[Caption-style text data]
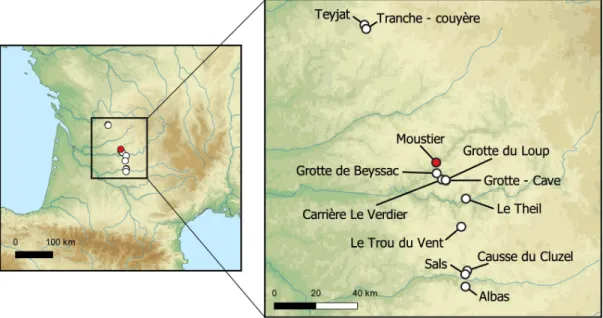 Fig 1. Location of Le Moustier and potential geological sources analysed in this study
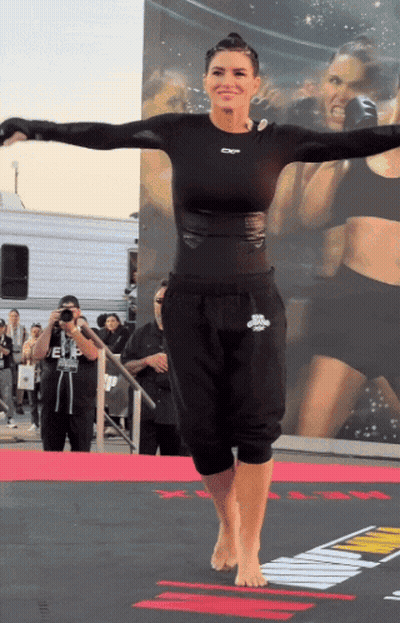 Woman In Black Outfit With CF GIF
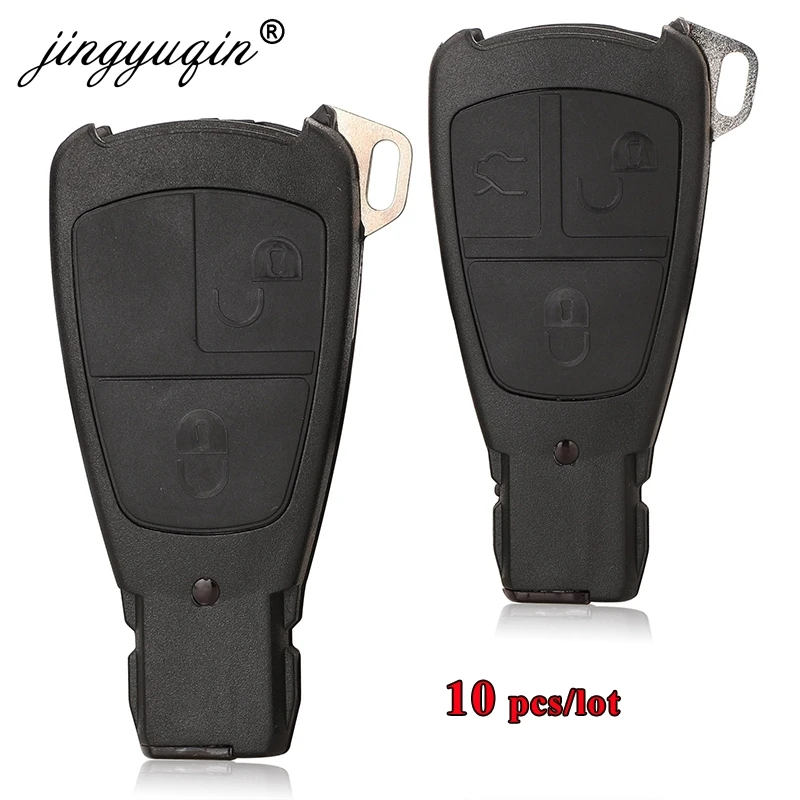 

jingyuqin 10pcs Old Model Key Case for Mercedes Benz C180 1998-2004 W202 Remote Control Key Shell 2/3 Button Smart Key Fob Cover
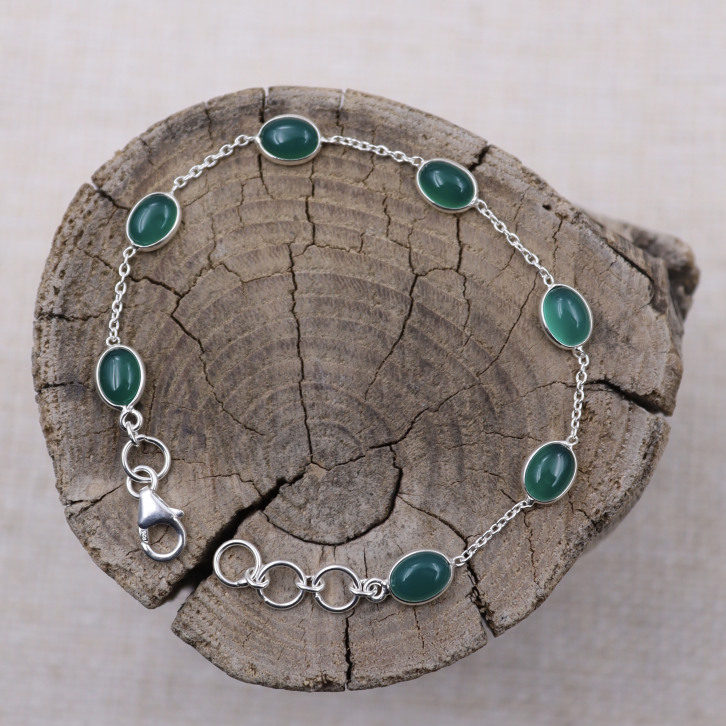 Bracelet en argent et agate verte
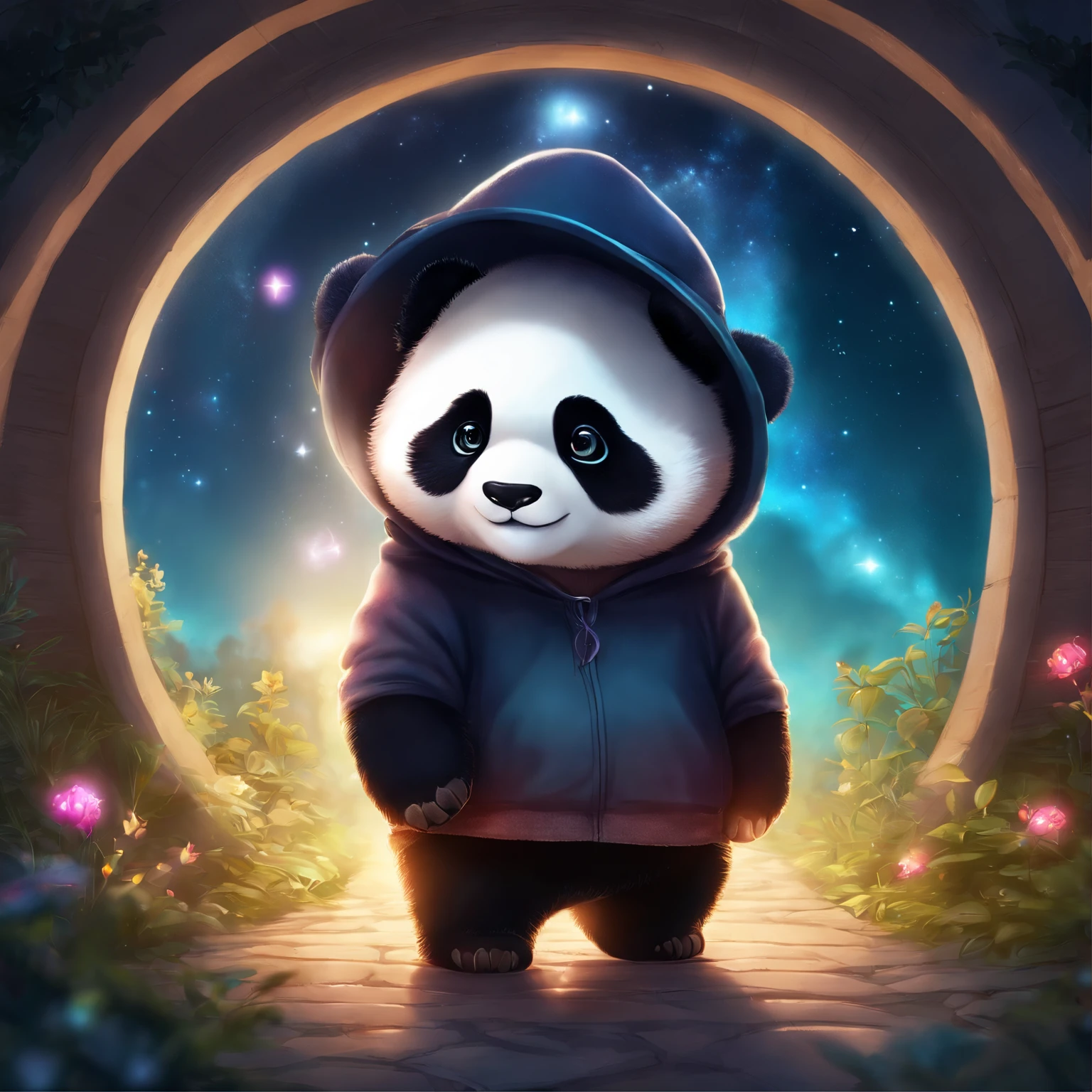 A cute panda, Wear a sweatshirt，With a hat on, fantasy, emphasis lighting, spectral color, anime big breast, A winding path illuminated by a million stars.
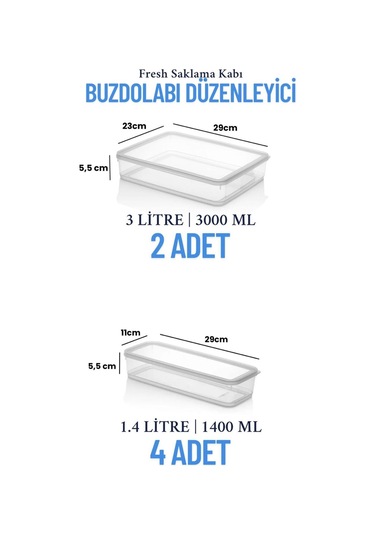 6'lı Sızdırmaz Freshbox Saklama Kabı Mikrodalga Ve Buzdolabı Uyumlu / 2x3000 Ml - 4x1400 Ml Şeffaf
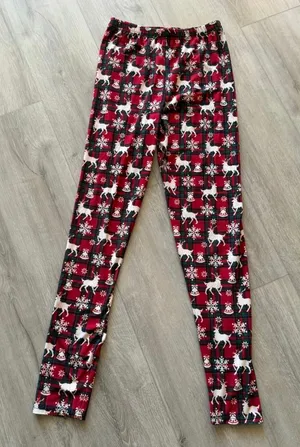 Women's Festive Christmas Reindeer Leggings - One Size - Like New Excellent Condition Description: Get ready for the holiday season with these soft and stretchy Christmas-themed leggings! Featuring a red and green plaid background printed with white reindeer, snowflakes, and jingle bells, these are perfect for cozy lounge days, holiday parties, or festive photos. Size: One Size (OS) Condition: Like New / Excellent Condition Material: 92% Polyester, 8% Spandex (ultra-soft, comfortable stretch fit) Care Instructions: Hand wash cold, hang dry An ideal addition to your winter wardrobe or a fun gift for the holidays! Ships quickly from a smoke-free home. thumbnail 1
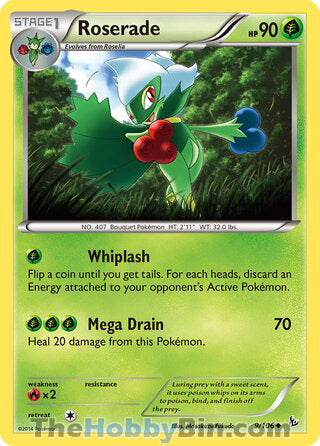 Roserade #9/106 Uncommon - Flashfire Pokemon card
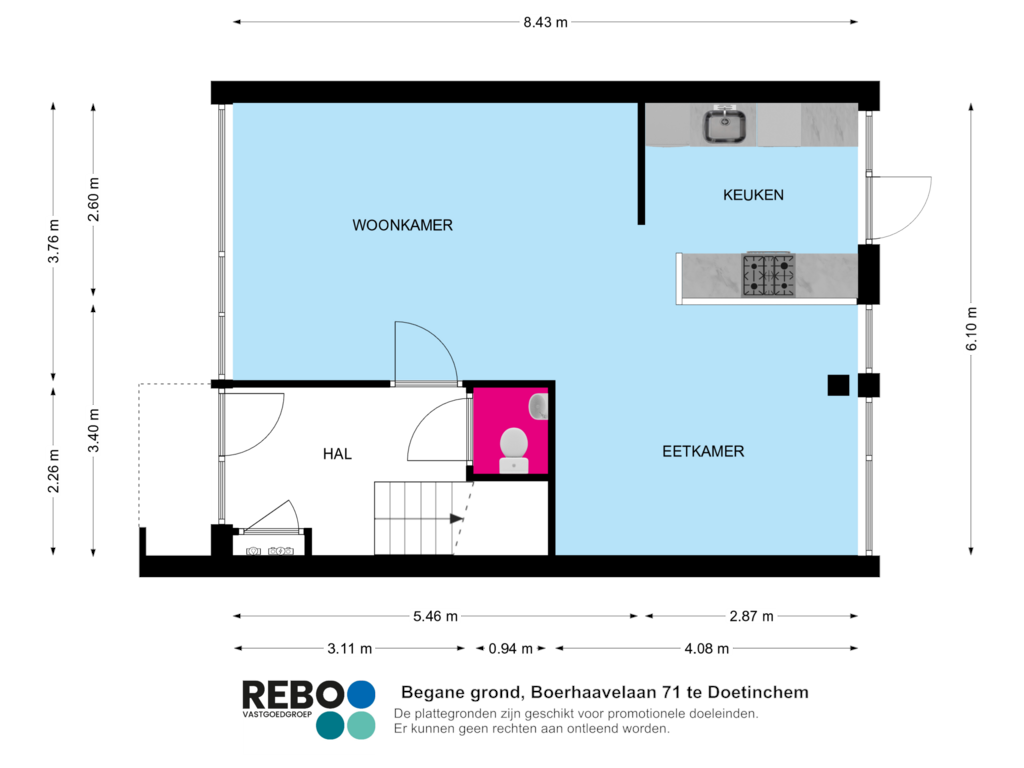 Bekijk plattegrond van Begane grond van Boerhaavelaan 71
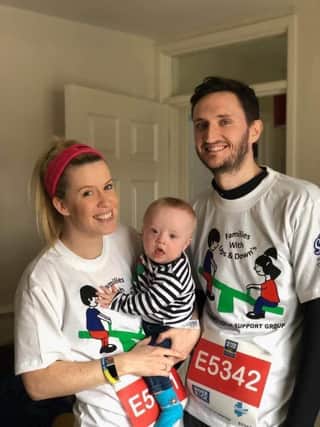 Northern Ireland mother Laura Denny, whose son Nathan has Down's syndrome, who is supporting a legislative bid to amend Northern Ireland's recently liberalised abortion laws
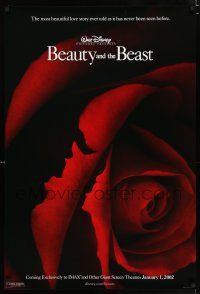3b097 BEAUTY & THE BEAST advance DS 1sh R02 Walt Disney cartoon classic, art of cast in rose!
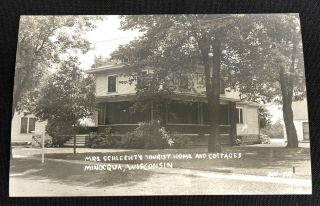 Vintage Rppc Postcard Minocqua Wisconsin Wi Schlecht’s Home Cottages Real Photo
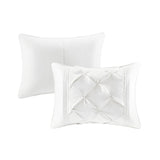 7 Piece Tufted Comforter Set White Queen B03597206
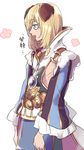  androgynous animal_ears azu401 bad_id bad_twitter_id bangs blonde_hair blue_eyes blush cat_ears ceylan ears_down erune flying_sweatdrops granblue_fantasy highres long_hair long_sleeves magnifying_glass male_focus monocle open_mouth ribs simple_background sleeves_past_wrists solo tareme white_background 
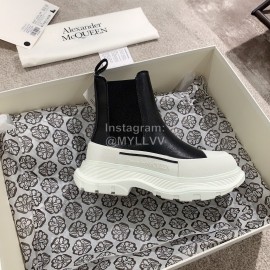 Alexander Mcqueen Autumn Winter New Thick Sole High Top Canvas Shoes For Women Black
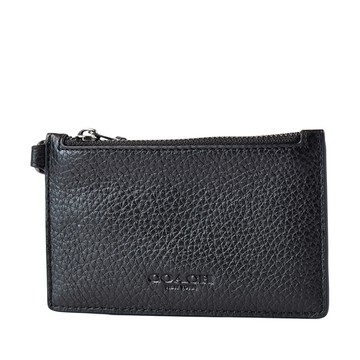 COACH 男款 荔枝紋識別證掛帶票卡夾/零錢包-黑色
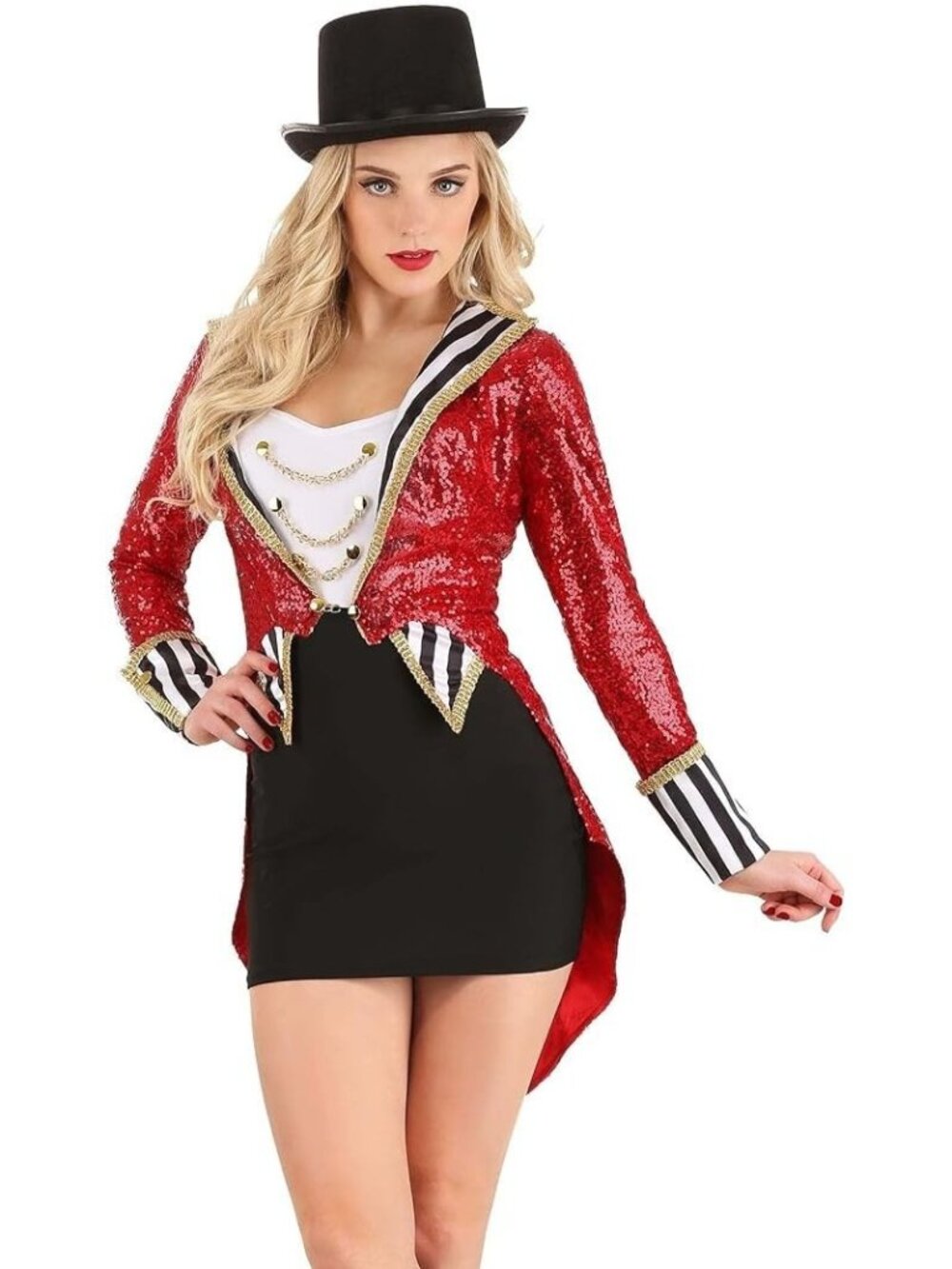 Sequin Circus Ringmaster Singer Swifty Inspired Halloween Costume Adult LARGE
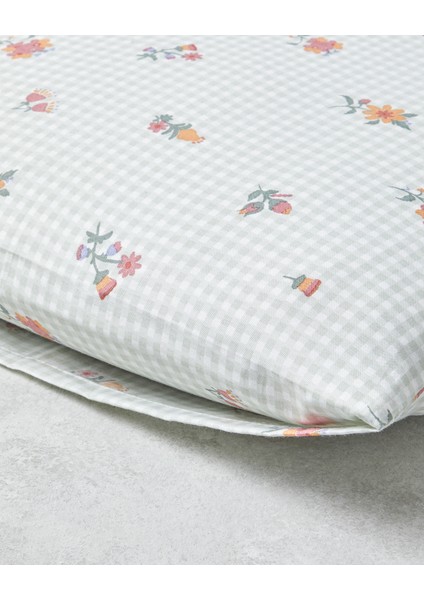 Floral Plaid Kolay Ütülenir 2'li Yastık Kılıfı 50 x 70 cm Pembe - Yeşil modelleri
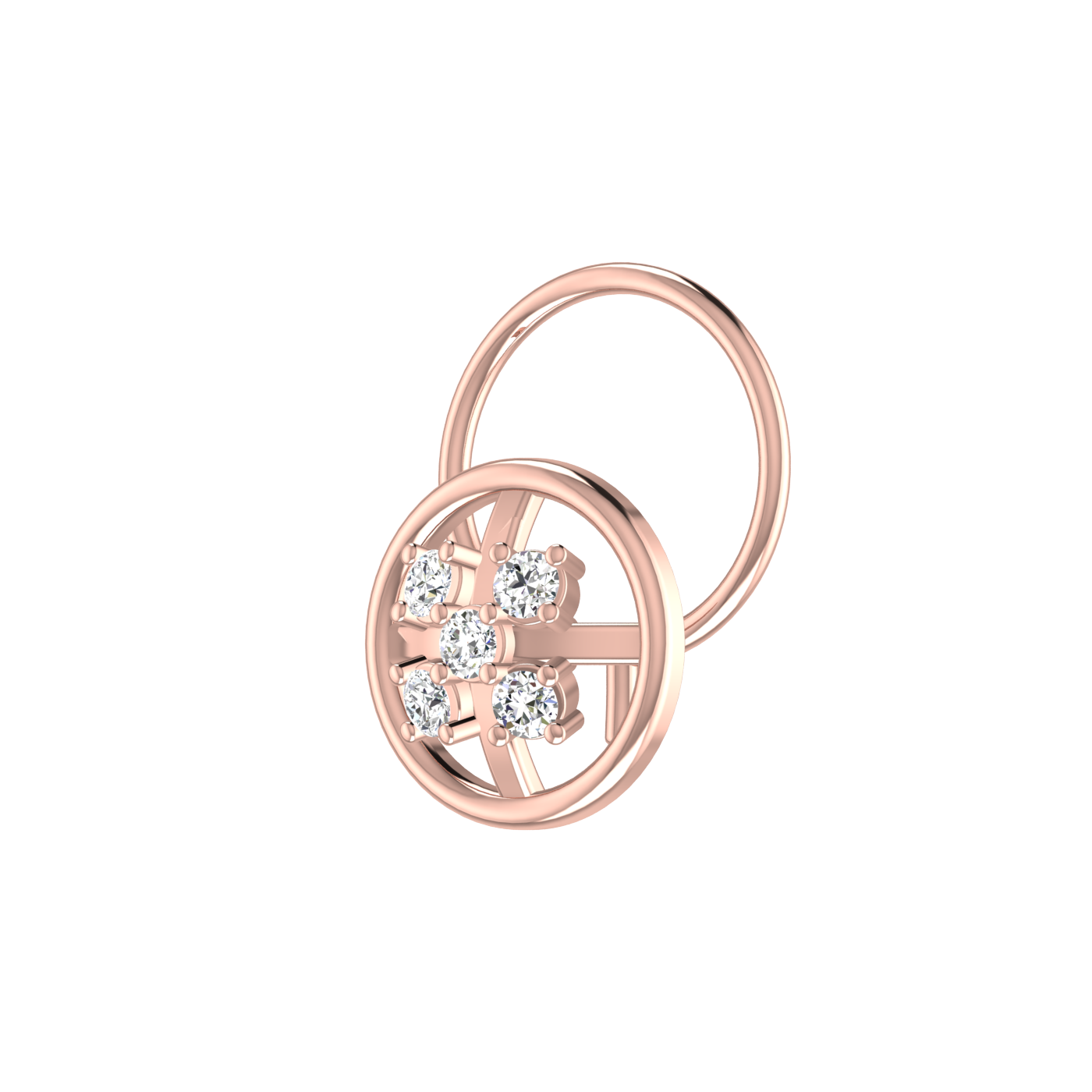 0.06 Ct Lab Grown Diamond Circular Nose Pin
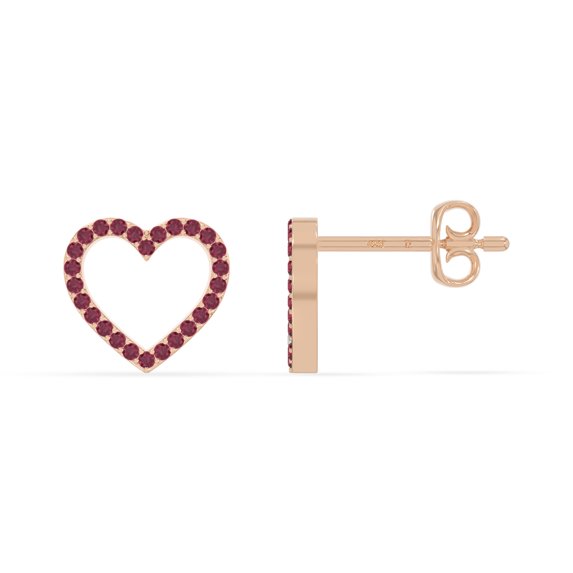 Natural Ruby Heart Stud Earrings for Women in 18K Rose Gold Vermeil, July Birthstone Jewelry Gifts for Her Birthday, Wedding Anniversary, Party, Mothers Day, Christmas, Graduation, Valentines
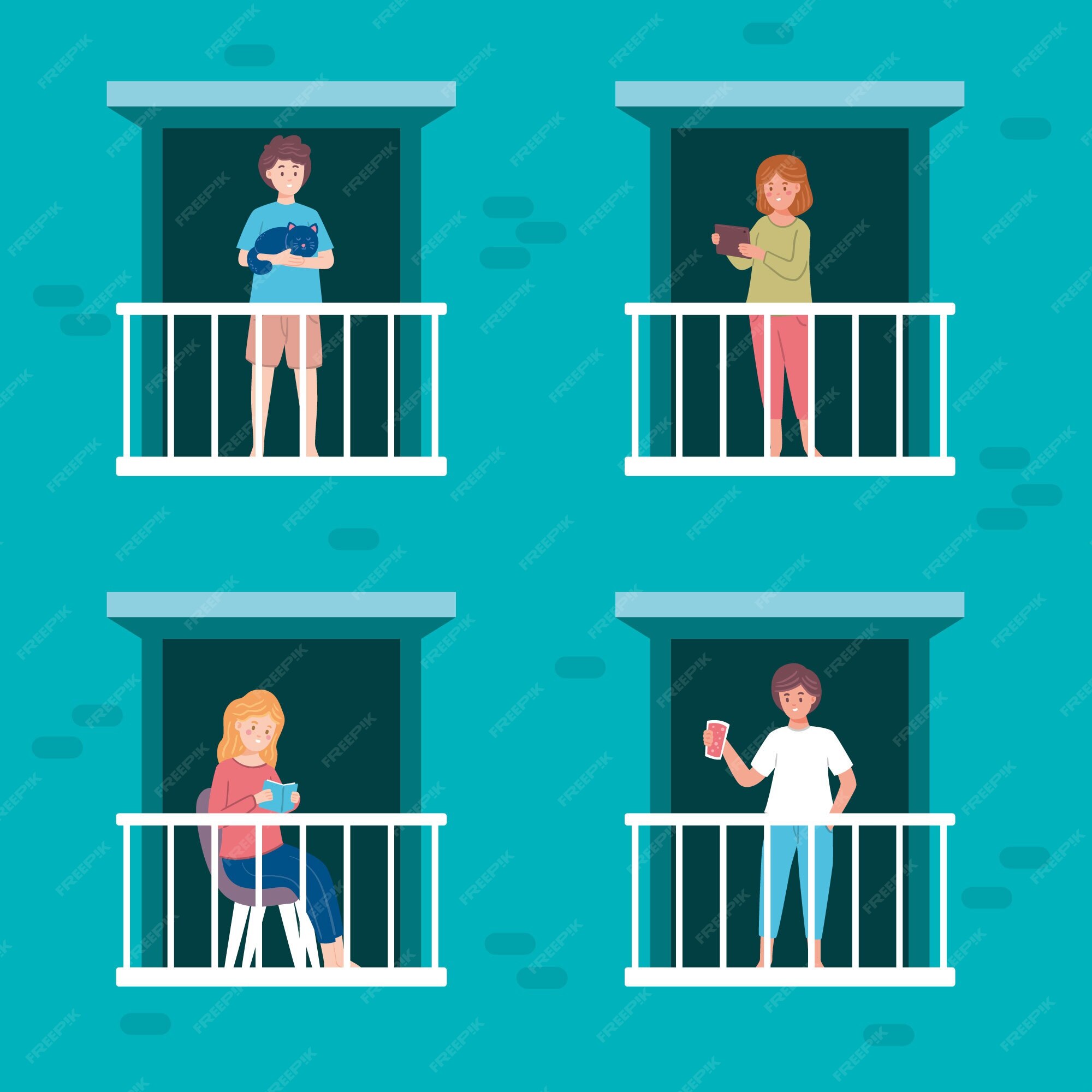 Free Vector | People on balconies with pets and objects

Try it: Could you copy out every record exactly, minus the pictures?

Answer area:
 Fig 1. Location of Le Moustier and potential geological sources analysed in this study
 Woman In Black Outfit With CF GIF

jingyuqin 10pcs Old Model Key Case for Mercedes Benz C180 1998-2004 W202 Remote Control Key Shell 2/3 Button Smart Key Fob Cover
 Bracelet en argent et agate verte
 A cute panda, Wear a sweatshirt，With a hat on, fantasy, emphasis lighting, spectral color, anime big breast, A winding path illuminated by a million stars.
 6'lı Sızdırmaz Freshbox Saklama Kabı Mikrodalga Ve Buzdolabı Uyumlu / 2x3000 Ml - 4x1400 Ml Şeffaf
 Women's Festive Christmas Reindeer Leggings - One Size - Like New Excellent Condition Description: Get ready for the holiday season with these soft and stretchy Christmas-themed leggings! Featuring a red and green plaid background printed with white reindeer, snowflakes, and jingle bells, these are perfect for cozy lounge days, holiday parties, or festive photos. Size: One Size (OS) Condition: Like New / Excellent Condition Material: 92% Polyester, 8% Spandex (ultra-soft, comfortable stretch fit) Care Instructions: Hand wash cold, hang dry An ideal addition to your winter wardrobe or a fun gift for the holidays! Ships quickly from a smoke-free home. thumbnail 1
 Roserade #9/106 Uncommon - Flashfire Pokemon card
 Bekijk plattegrond van Begane grond van Boerhaavelaan 71
 Northern Ireland mother Laura Denny, whose son Nathan has Down's syndrome, who is supporting a legislative bid to amend Northern Ireland's recently liberalised abortion laws
3b097 BEAUTY & THE BEAST advance DS 1sh R02 Walt Disney cartoon classic, art of cast in rose!
 Vintage Rppc Postcard Minocqua Wisconsin Wi Schlecht’s Home Cottages Real Photo
 7 Piece Tufted Comforter Set White Queen B03597206
  androgynous animal_ears azu401 bad_id bad_twitter_id bangs blonde_hair blue_eyes blush cat_ears ceylan ears_down erune flying_sweatdrops granblue_fantasy highres long_hair long_sleeves magnifying_glass male_focus monocle open_mouth ribs simple_background sleeves_past_wrists solo tareme white_background 
 Alexander Mcqueen Autumn Winter New Thick Sole High Top Canvas Shoes For Women Black
 COACH 男款 荔枝紋識別證掛帶票卡夾/零錢包-黑色
 Sequin Circus Ringmaster Singer Swifty Inspired Halloween Costume Adult LARGE
 Floral Plaid Kolay Ütülenir 2'li Yastık Kılıfı 50 x 70 cm Pembe - Yeşil modelleri
 0.06 Ct Lab Grown Diamond Circular Nose Pin
 Natural Ruby Heart Stud Earrings for Women in 18K Rose Gold Vermeil, July Birthstone Jewelry Gifts for Her Birthday, Wedding Anniversary, Party, Mothers Day, Christmas, Graduation, Valentines
 Free Vector | People on balconies with pets and objects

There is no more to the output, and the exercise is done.